◆ ASSIGNMENT
From the line containing "Free People Dupe: Long-Sleeve" through the end of the material below, output each line exactly as written, with pictures excluded.

◆ SUPPLIED INFORMATION
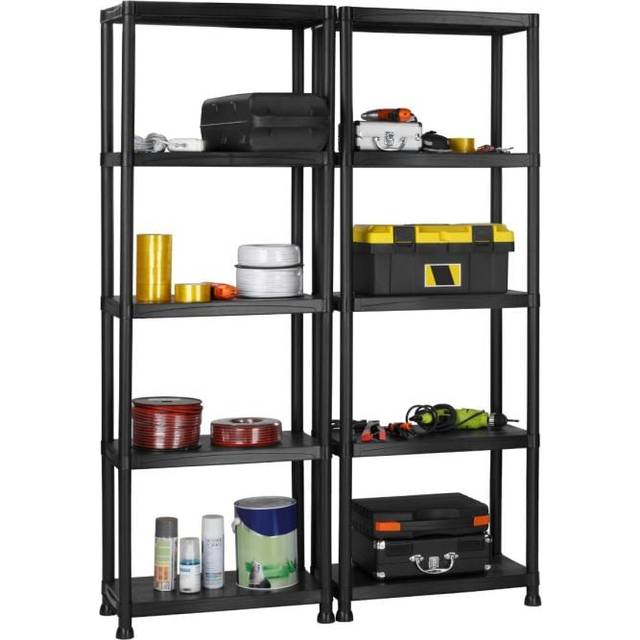VonHaus Pack of Two 5 Tier Plastic Shelving Utility Unit Shed Garage Storage Freestanding Shelves System - 250Kg Capacity - 25Kg Per Shelf - Ideal Off - Black (172.5cm H X 61cm W X 30.5cm D)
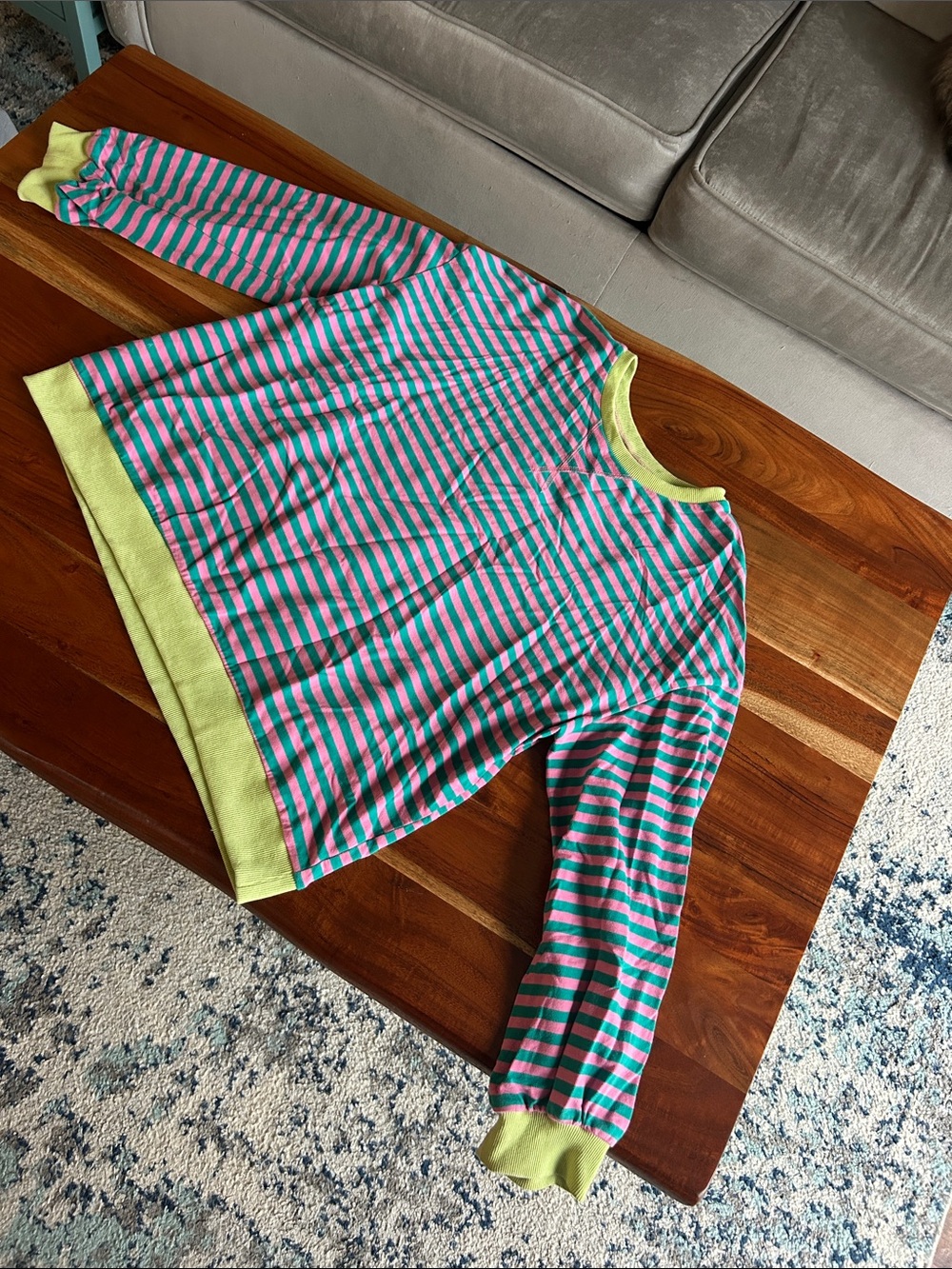 Free People Dupe: Long-Sleeve Top in Pink & Teal with Lime Trim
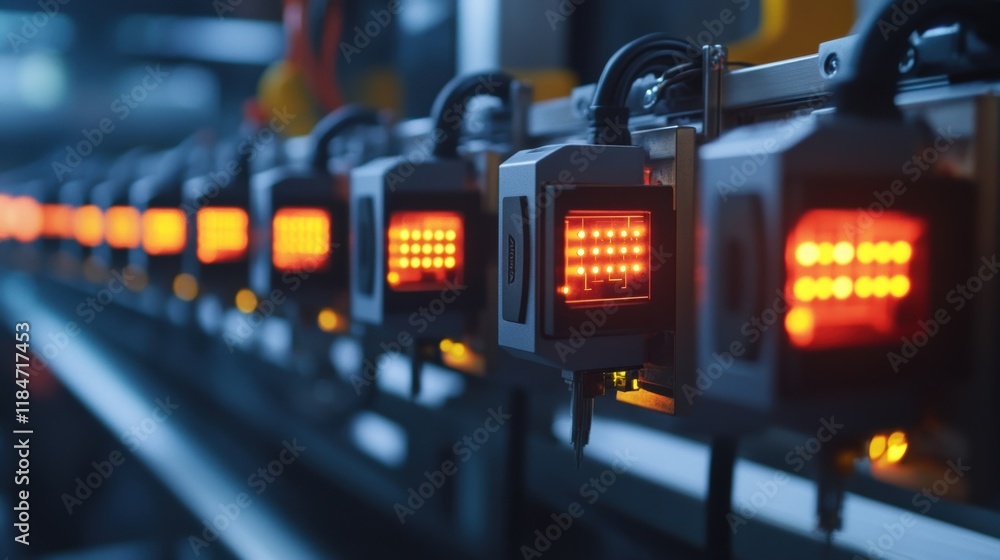 Poster glowing red lights from multiple sensors meticulously monitoring production on an automated assembly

◆ ANSWER
 Free People Dupe: Long-Sleeve Top in Pink & Teal with Lime Trim
 Poster glowing red lights from multiple sensors meticulously monitoring production on an automated assembly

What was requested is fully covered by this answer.